The North Carolina Court of Appeals handed down a decision today that clarifies the rule that a contractual venue/forum selection provision can track, but it cannot vary from, the venue/forum determined by State law.
At issue is the following agreement provision, contained within a a non-compete, non-solicitation, and confidentiality agreement related to an employment relationship:
Moreover, any litigation under this Agreement shall be brought by either party exclusively in Mecklenburg County, North Carolina. . . . As such, the Parties irrevocably consent to the jurisdiction of the courts of Mecklenburg County, North Carolina (whether federal or state) for all disputes related to this Agreement.
However, it appears undisputed that State law requires this contract dispute “must be tried in the county in which the [Plaintiff] or [Defendant] . . . reside[s.]” N.C.G.S. § 1-82.
Plaintiff corporation brought suit on the agreement in Guilford County, North Carolina. Defendant individual sought dismissal pursuant to Rule 12(b)(3) on the wings of the above contractual provision. The trial court denied the motion, and the defendant individual appealed from that ruling.
Regarding Defendant, the record discloses that he is a resident of Orange County, North Carolina.
Regarding Plaintiff corporation, there is nothing in the record showing that it is a resident – for venue purposes – of Mecklenburg County. As a domestic corporation, Plaintiff is considered a resident of the county where it maintains its “registered or principal office” and also any county where it “maintains a place of business[.]” Here, Defendant fails to point to any evidence in the record showing that Plaintiff maintains a place of business in Mecklenburg County. Moreover, Defendant did not dispute Plaintiff’s assertion in its verified complaint that its principal place of business is in Guilford County.

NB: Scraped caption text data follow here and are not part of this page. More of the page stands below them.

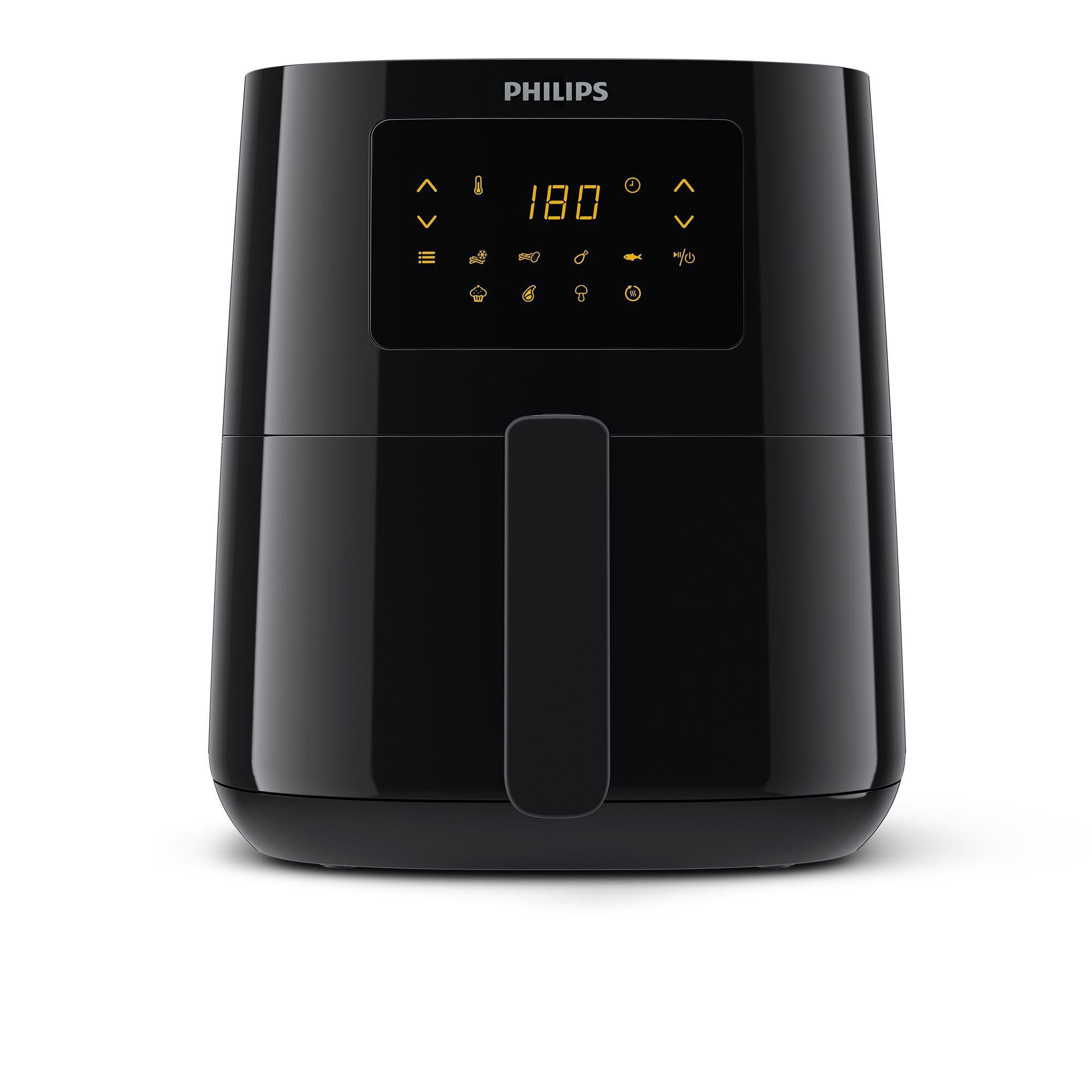 Philips HD9252/90 Airfryer friggitrice ad aria 13 in 1 Capienza 800gr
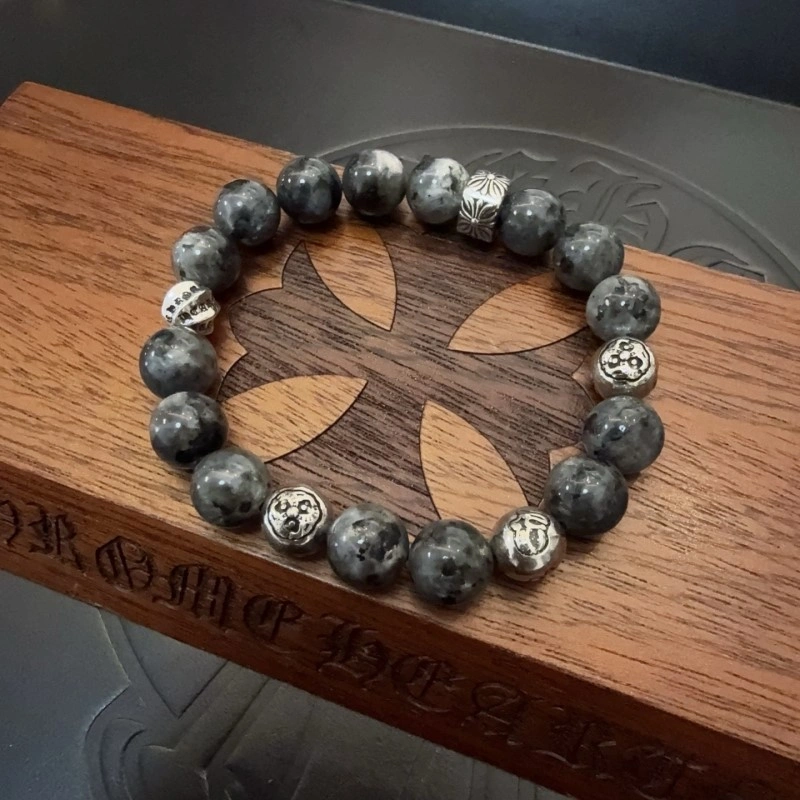 Elegant Chrome Hearts Bracelets 237154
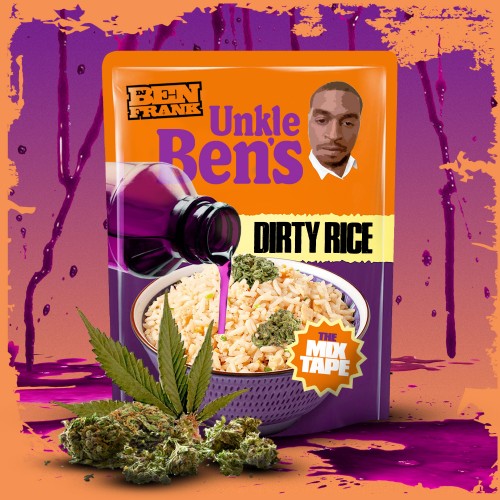 Dirty Rice - DJ Ben Frank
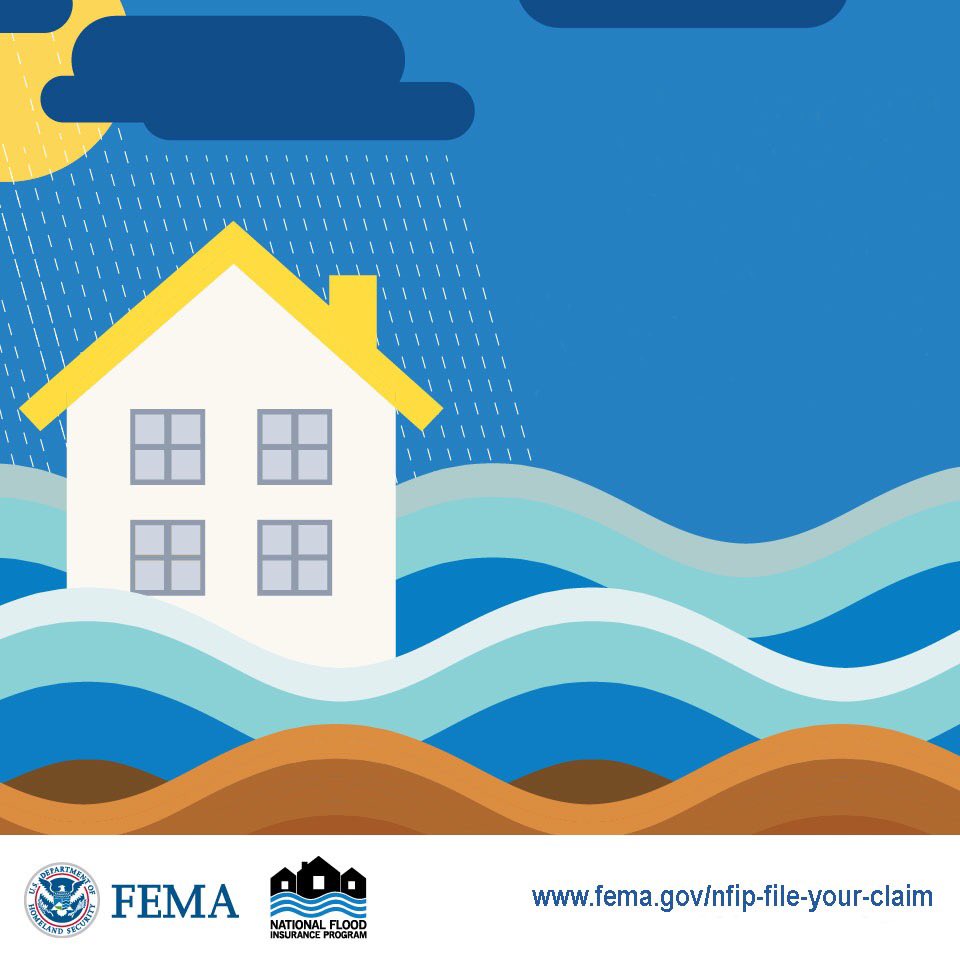 FEMA on Twitter: "If you evacuated for #Florence, don FEMA on Twitter: "If you evacuated for #Florence, don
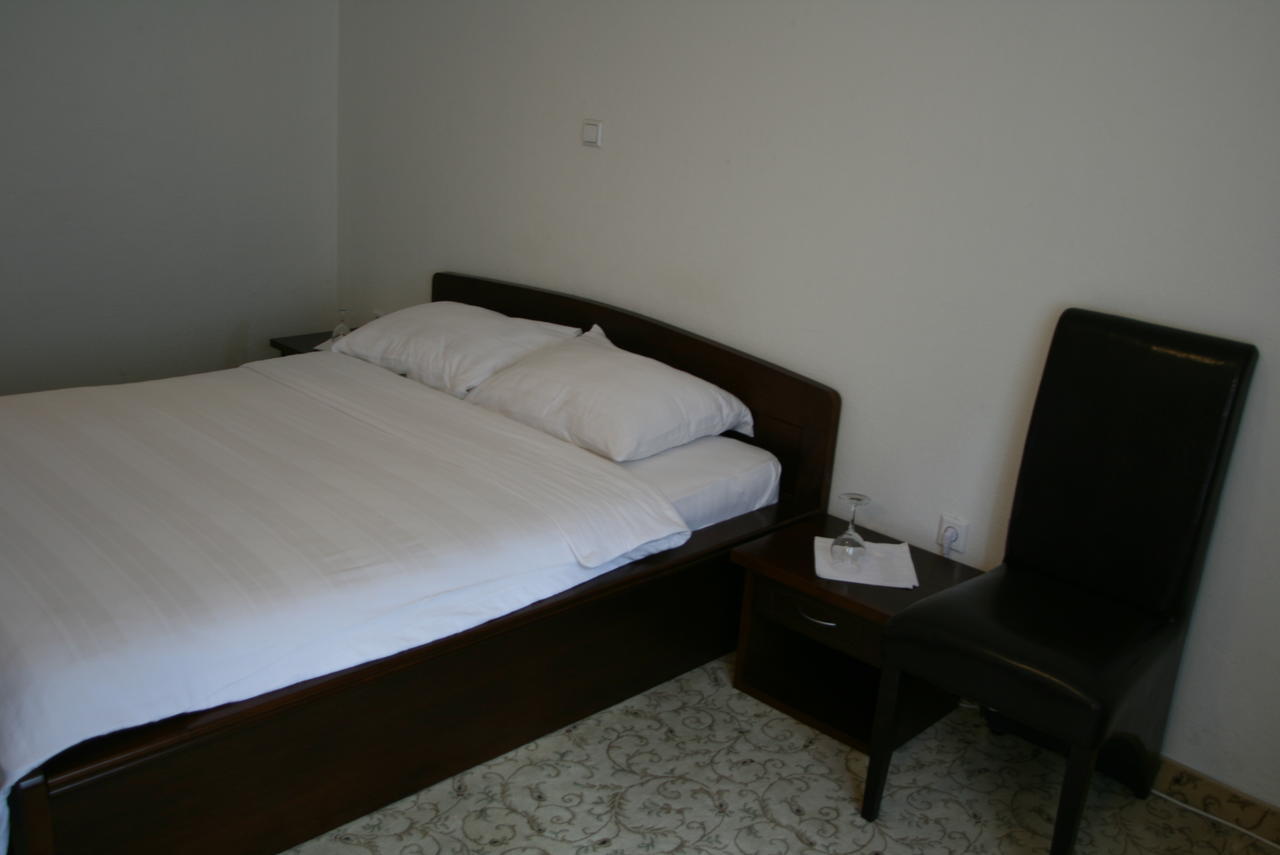 Motel Maksumic Jablanica Номер фото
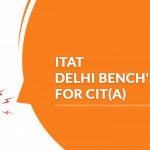 ITAT Delhi Bench's Order for CIT(A)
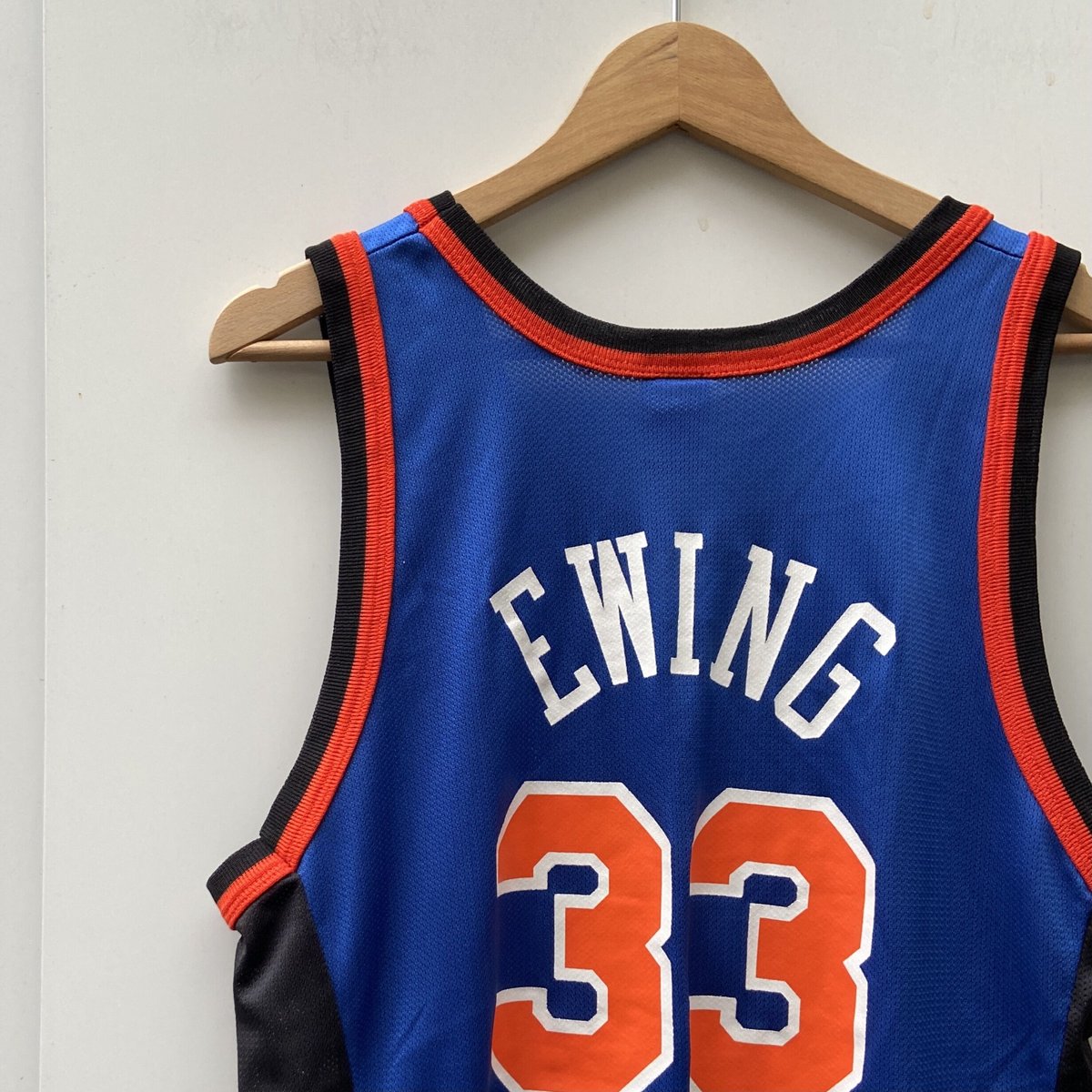 Champion NBA KNICKS/チャンピオン ニューヨークニックス バスケット Champion NBA KNICKS/チャンピオン ニューヨークニックス バスケット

The Court of Appeals concludes: “[W]e hold that a forum selection clause which requires lawsuits to be prosecuted in a certain North Carolina county is enforceable only if our Legislature has provided that said North Carolina county is a proper venue.” As Mecklenburg County is not a proper venue for the contract dispute at issue, according to N.C.G.S. § 1-82, the Court of Appeals affirmed the trial court’s ruling denying plaintiff’s dismissal motion.